I’ve been thinking long and hard about the subject of my first post. There is so much going on in the field of education at the moment it’s difficult to choose: life without levels; British Values; Secondary ready (whatever that might be) but I’ve actual come down to a personal anecdote. A story that is probably being reflected right across the country and I suspect, is doing immeasurable damage to the morale of many a committed professional.
On the way home this evening, I bumped into someone I have a great deal of respect for, but who I haven’t seen for a while. I had, however, heard on the grape vine, that a recent Ofsted inspection carried out at their school hadn’t gone smoothly. The Head, Governors and indeed the LA felt the subsequent report was unsound in some of its findings and that there was a huge discrepancy between the inspector’s judgements and what the data is consistently showing. But that’s not really the issue; the issue for me is the manner in which the inspection was carried out and the attitude of the inspector and her dealings with the staff and governors during her limited time in school.
Describing the experience as “brutal” (the second time in as many months I have heard this word used) as a result of this two day inspection, this colleague has seriously contemplated whether or not to continue in the teaching profession. A very experienced teacher and Head, they know their school inside out, care passionately for the pupils, staff and local community, have great vision for and expectations of their students and plan long and hard to provide a rich and varied curriculum. So what they deserve is basic courtesy; some kind of acknowledgement that any school is a “work in progress” and to be given the opportunity to present their story in a constructive and professional atmosphere.

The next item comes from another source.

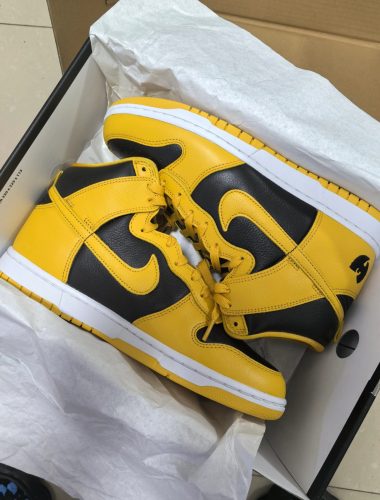 【🌼G-Dragon 같은 스타일】Wu-Tang x Nike Dunk High 옐로블랙 HJ4320-001 photo review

In another life, I have been on the receiving end of an “unsuccessful” Ofsted, with an inspector who may have already made his mind up before he came into school but who remained courteous, listened to what we had to say, and was ultimately, professional in his dealings with us. It didn’t soften the blow when we went into Special Measures, (there’s a whole other blog here) but, it was a fair judgement and eventually enabled the school to move to a much better place. The following 13 months, the time it took to turn the school round to be judged as “good” were a huge challenge, gruelling in many ways, and not everyone was able to complete the tremendous learning curve – but it would have been a whole lot harder if the staff and governors had been disrespected, demeaned and devalued by the Inspector.
I’m not arguing that schools should not be held accountable for the education they are providing – I think that argument has been done to death, and I understand that Ofsted inspectors need to be rigorous and thorough, but Michael Gove’s much lauded British Values advocate fairness, tolerance and respect. Perhaps Mr Wilshaw, as Head of Ofsted, would like to revisit some of these values with his inspectors, before too many more committed and experienced staff do decide that this is the straw that broke the camel’s back, and leave the profession.